It’s hard to pin down the disparate motivations of the people who make up a large crowd. Some, certainly, were applauding Rahm’s historic performance. Others, most likely, felt a connection to a man who has never been shy about sharing his emotions. There were also those who weren’t shy about the fact that they’d been pulling for Rahm all day simply because he was not Brooks Koepka, not a member of LIV Golf. But in the end, the reasons for their support didn’t matter, only the outcome. As Rahm made his way toward the clubhouse, the singing intensified.

“Olé, Olé, Olé! Olé! Olé!”

The 28-year-old kept looking up at the sky and smiling. He was thinking about a lot of things, about the dreams he had as a little boy of winning the Masters, but also about Seve Ballesteros and the other Spanish golfers who forged a path for him to get to this moment. It was Ballesteros’ birthday

“I never thought I was going to cry by winning a golf tournament, but I got very close on that 18th hole,” Rahm said. “This one was for Seve.

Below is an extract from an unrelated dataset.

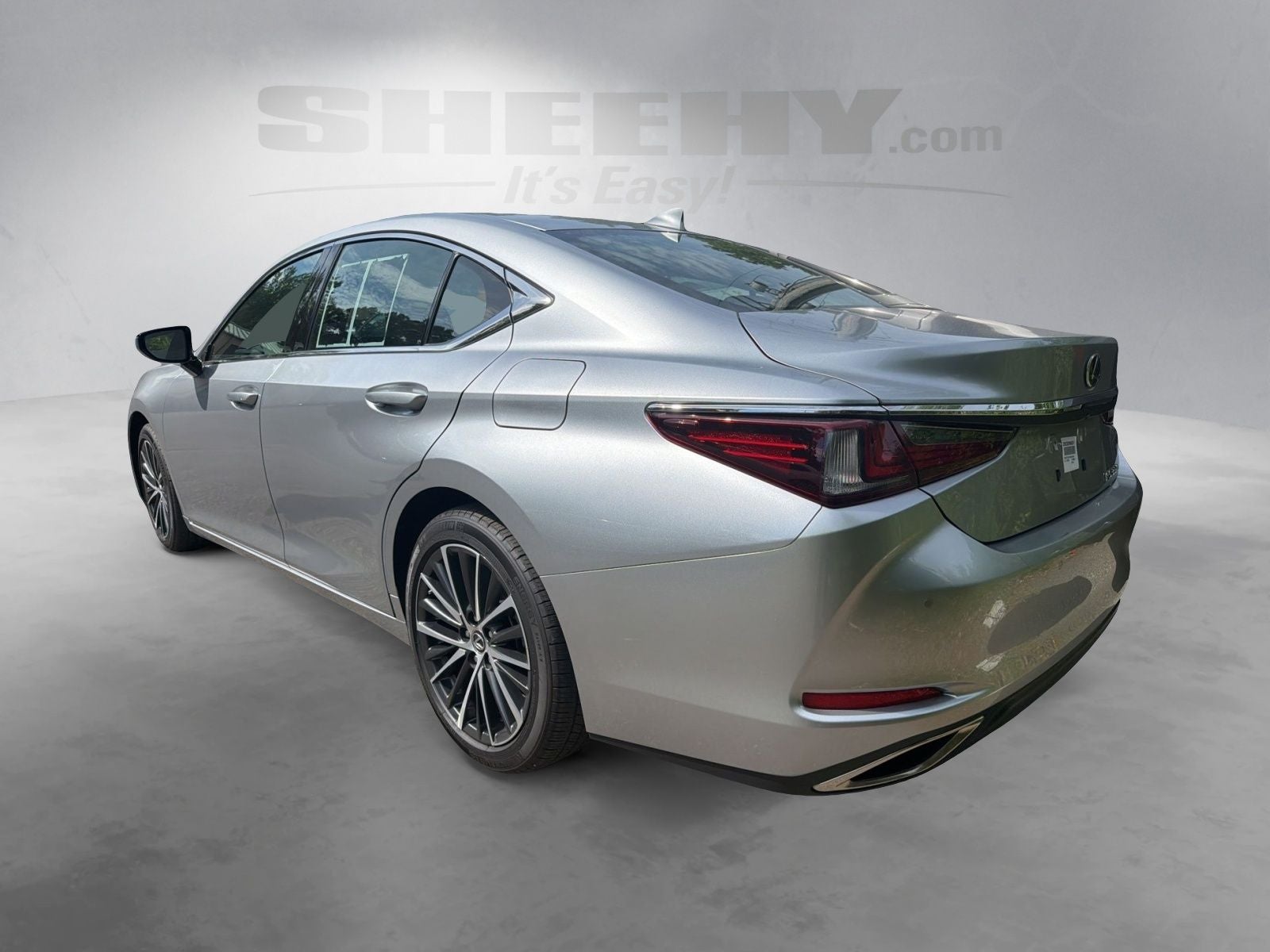 2025 Lexus ES 350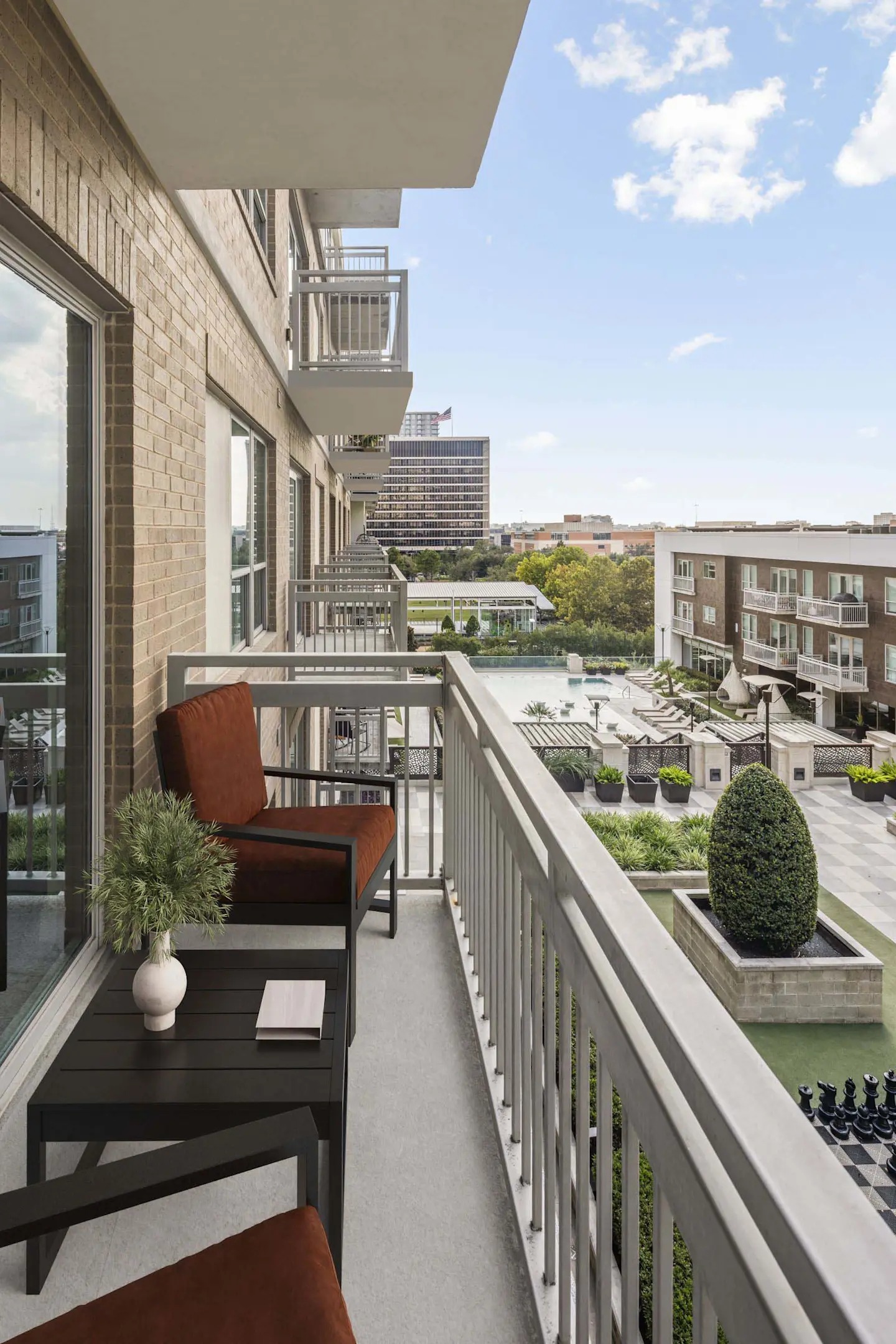 2727 Travis Street, Unit 608 Houston, TX 77006 - Photo 17 of 28 Move in by July 31 to receive up to 2 weeks FREE!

He was up there helping, and I know he did.”

It was easy at the beginning of the week to view the 2023 Masters as a referendum on the viability of whether or not LIV Golf’s credibility was growing or fading. Players were asked about it repeatedly during the pre-tournament build-up. Augusta National subtly let its distaste be known by sidelining LIV Golfers from early-week press conferences, with the exception of Cam Smith, the reigning Open champion. Greg Norman, the commissioner of LIV, countered by complaining he hadn’t been invited to the Masters, then suggested that if a LIV member were to win the tournament, all 18 LIV players in attendance might storm the green in celebration.

It felt like the Masters had been pulled, unwillingly, into the messy debate, one that will likely rage for years to come. But by the time the actual golf started, the LIV discussion seemed less important than the history at stake. That’s the power of the Masters. Tiger Woods mentioned on Tuesday that the joy he feels when he’s on property now is different from what he felt back in 1997, but fulfilling in different ways. He gets to spend time with his son and his friends, sharing old memories. He seemed almost wistful as he said it. “So much of my life has been here at Augusta National,” Woods said. “I don’t know how many of these I have left. So I just want to be able to appreciate the time that I have here and cherish the memories.”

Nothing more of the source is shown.